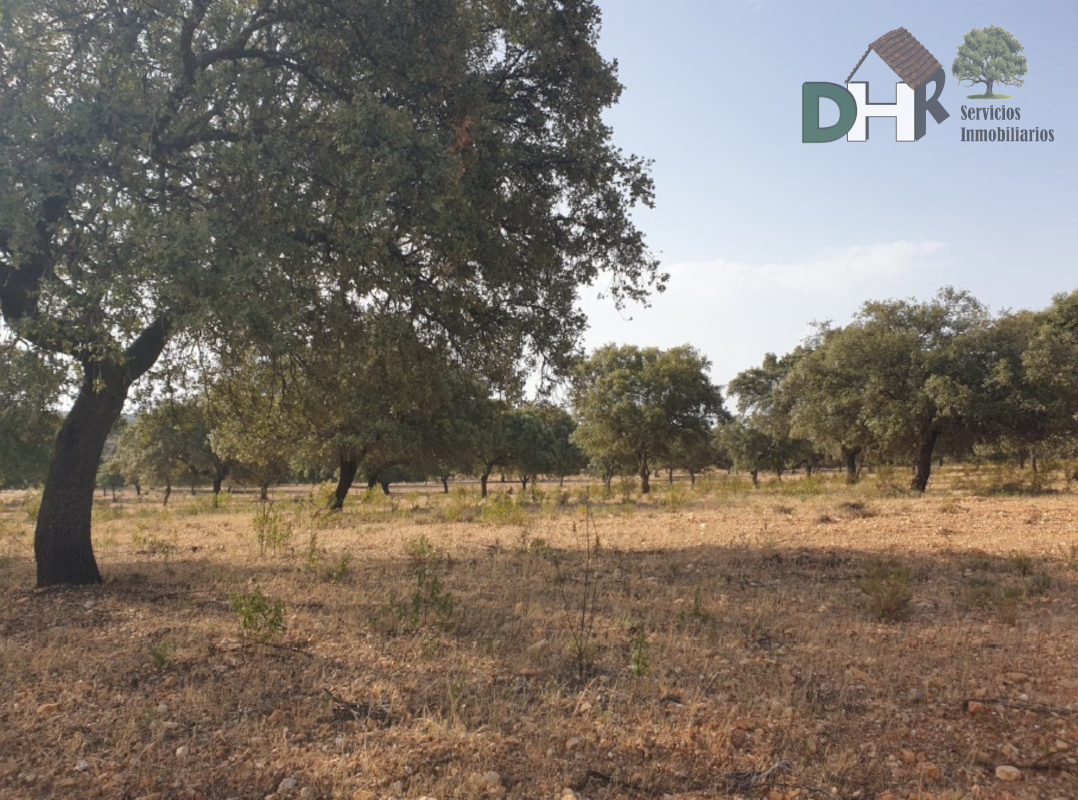 For sale of land in Cáceres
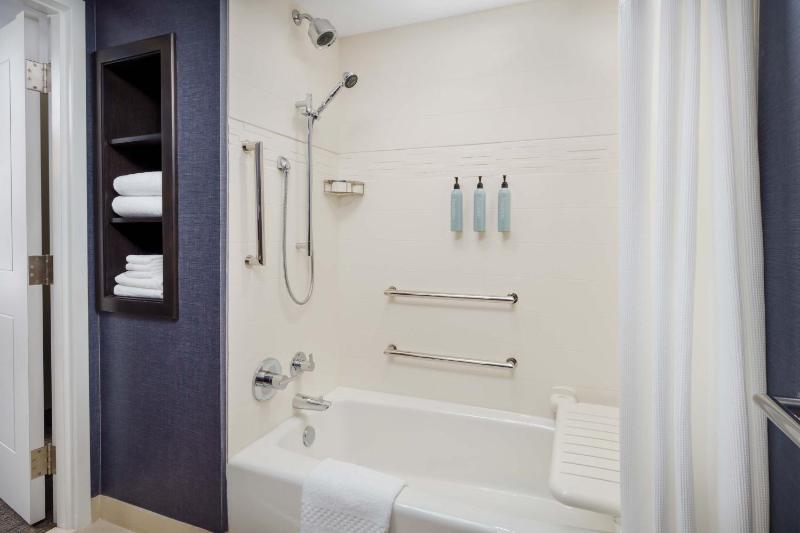 One-Bedroom King Suite with Sofa Bed  image 2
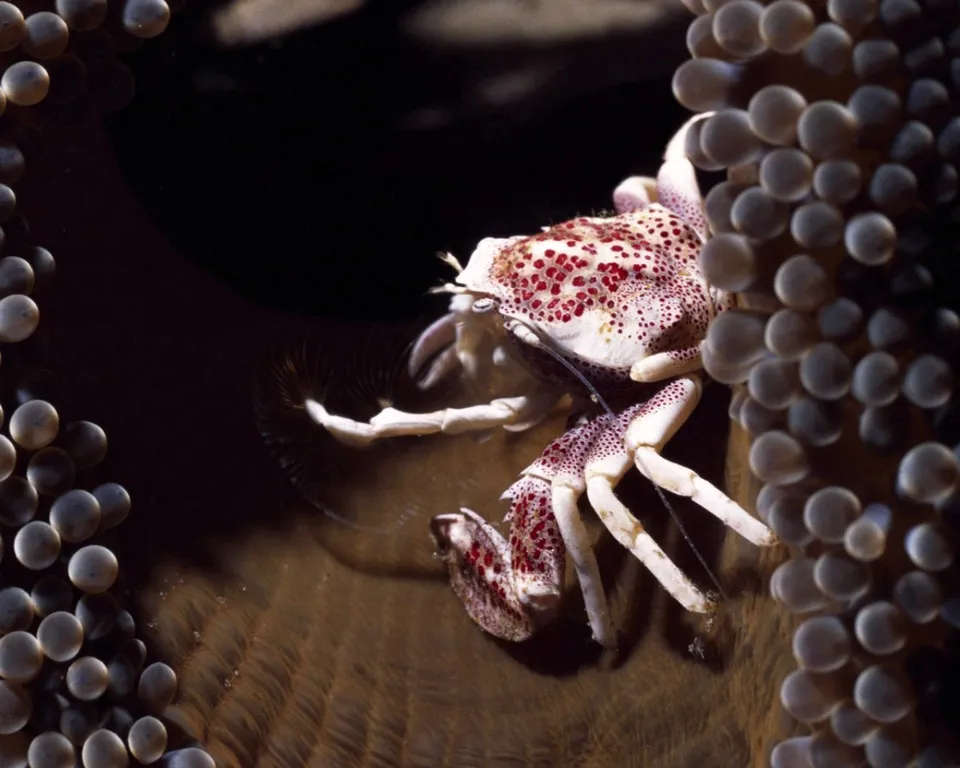A small crab with white and red spots is nestled within the tentacles of a large anemone.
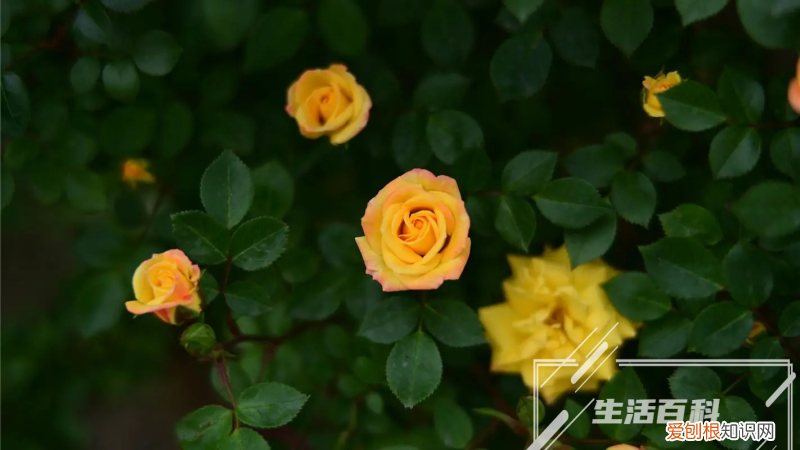 生石花几天浇水 生石花上盆后多久晒太阳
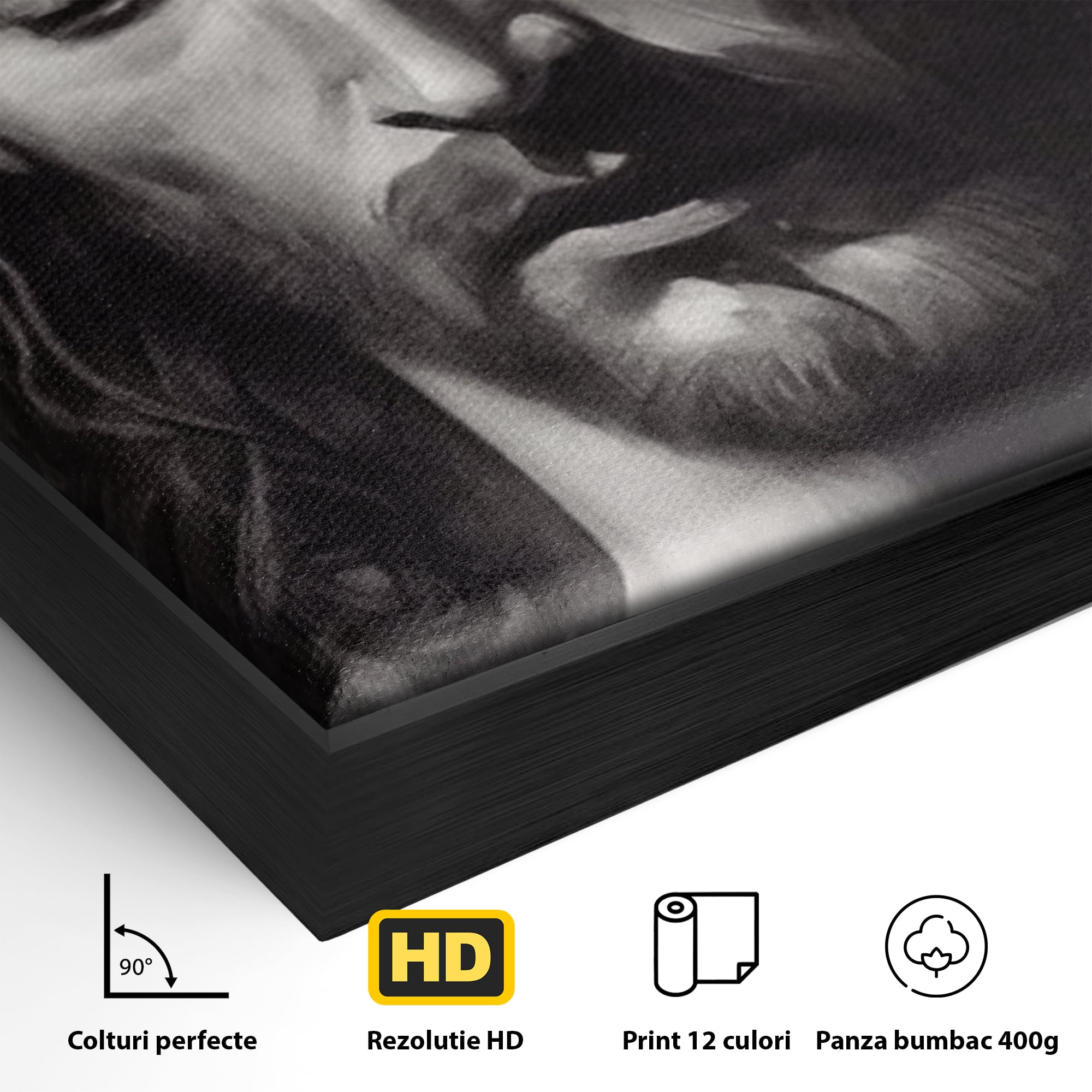 Tablou Canvas Premium LuxCanva® H1001, Durere si Speranta , Sacrificiu, Spini, Coroana, Mantuire, Iisus, Durere, Sange, Jertfa, Living, Dormitor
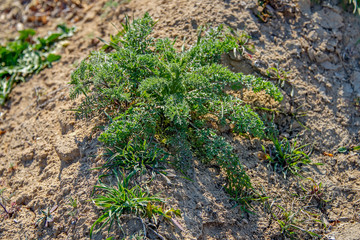 Растительност Мангыстау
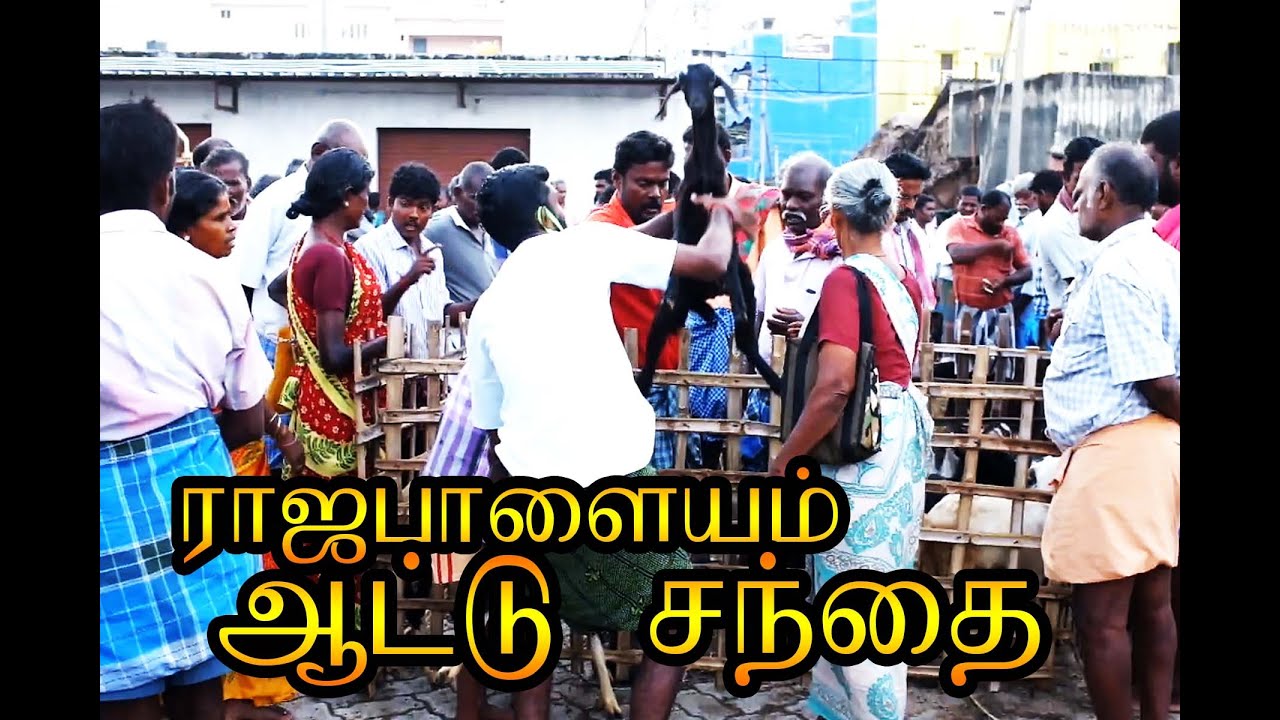 Rajapalayam santhai | ராஜபாளையம்  ஆட்டுச் சந்தை | virudhunagar goat market  | joe tv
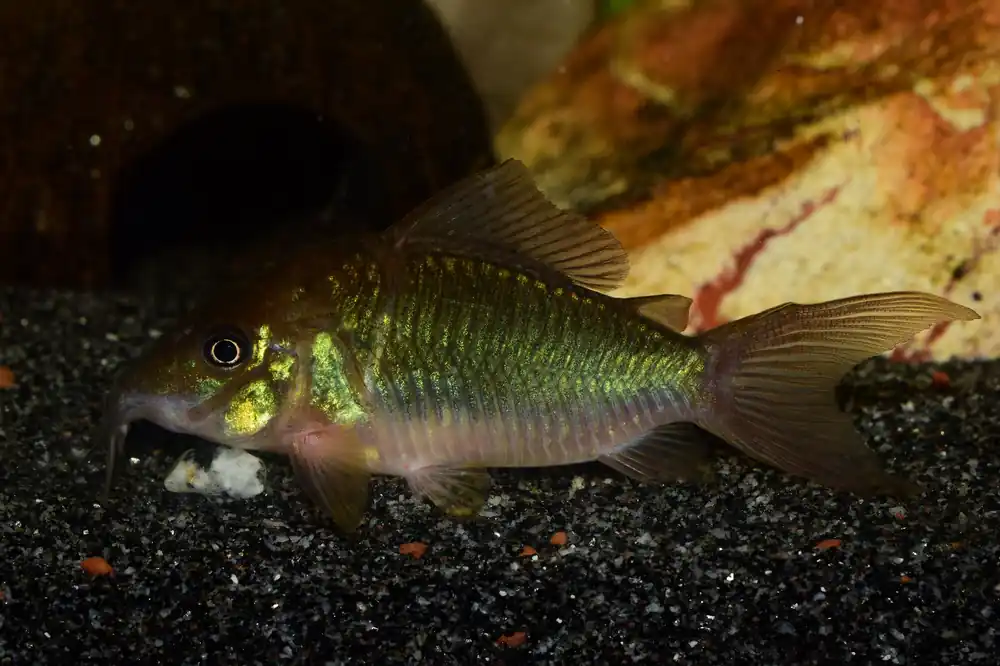 Emerald Green Cat - Cuboid Nature Aquarium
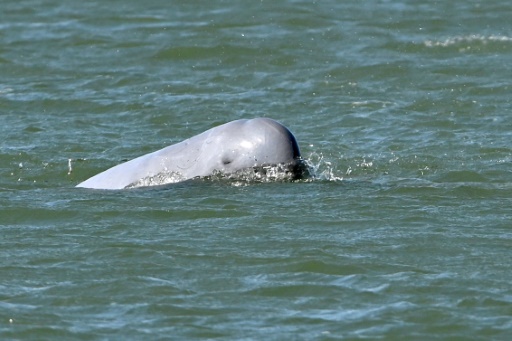 The battle to save Cambodia's river dolphins from extinction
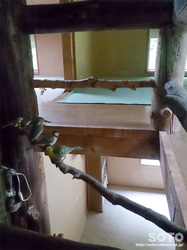 木下小屋(9)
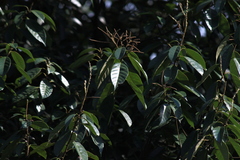 Lithocarpus glaber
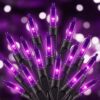 Purple LED Halloween Lights Indoor Outdoor, 33FT 100LED Mini String Lights
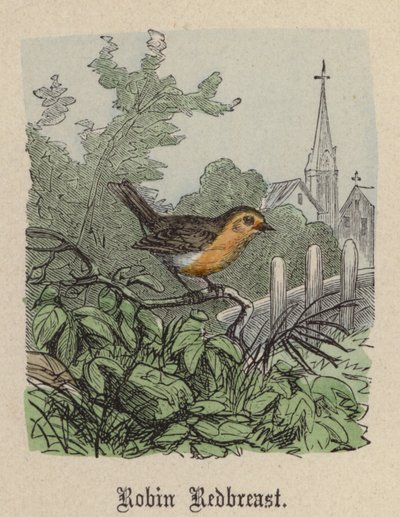 Robin Redbreast (kolorowy grawerunek) autorstwa Friedrich Specht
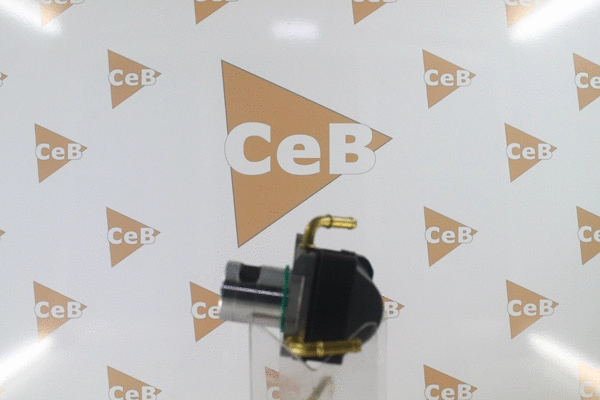 EGR Valve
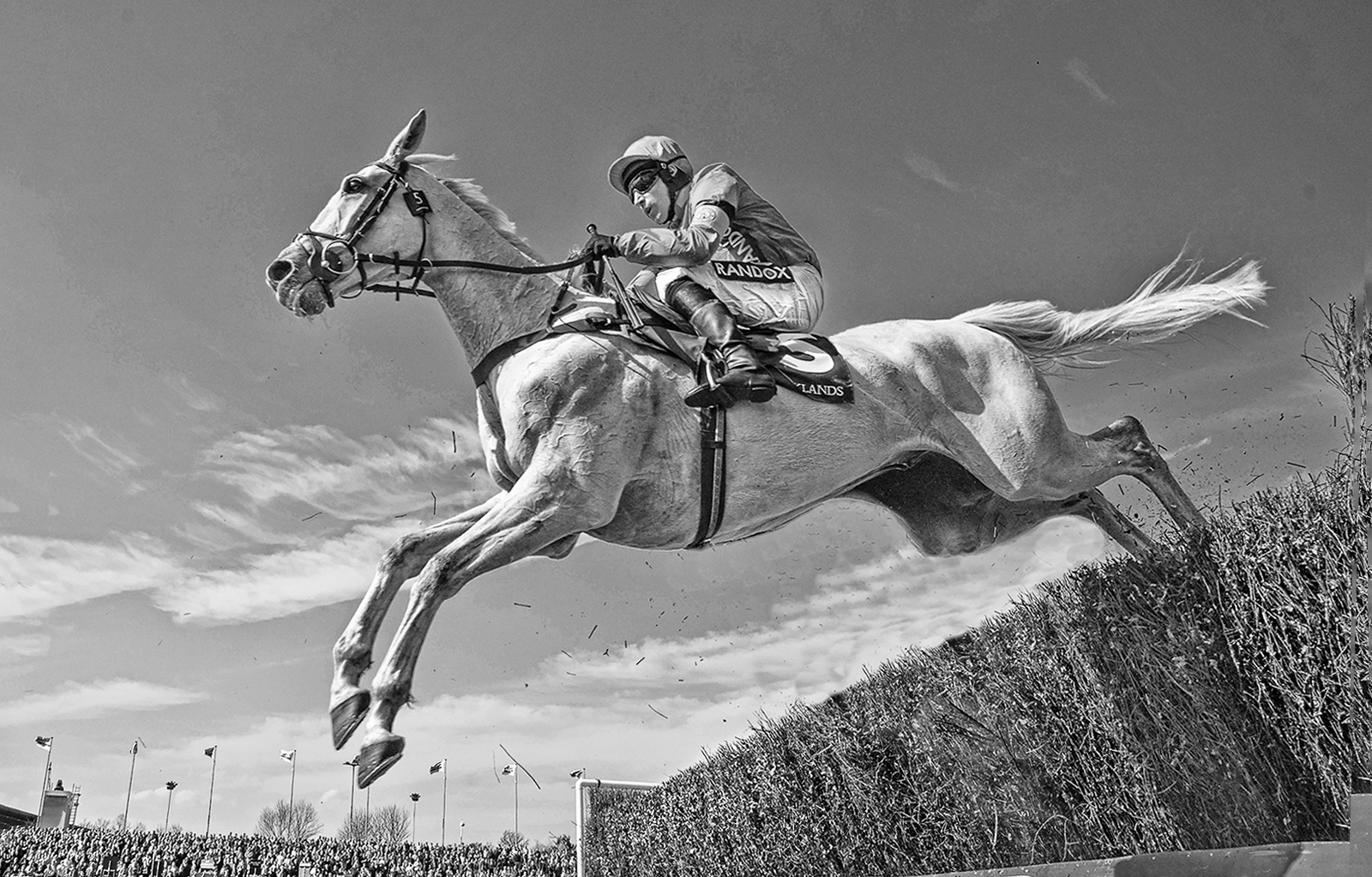 Flying Grey by Brian Clark — Score: 17 pts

■ **What this task involves**:
Please copy the lines above, starting at the one that holds "The battle to" and stopping after the last line, exactly as they appear and minus the pictures.

■ **Response below**:
 The battle to save Cambodia's river dolphins from extinction
 木下小屋(9)
 Lithocarpus glaber
 Purple LED Halloween Lights Indoor Outdoor, 33FT 100LED Mini String Lights
 Robin Redbreast (kolorowy grawerunek) autorstwa Friedrich Specht
 EGR Valve
 Flying Grey by Brian Clark — Score: 17 pts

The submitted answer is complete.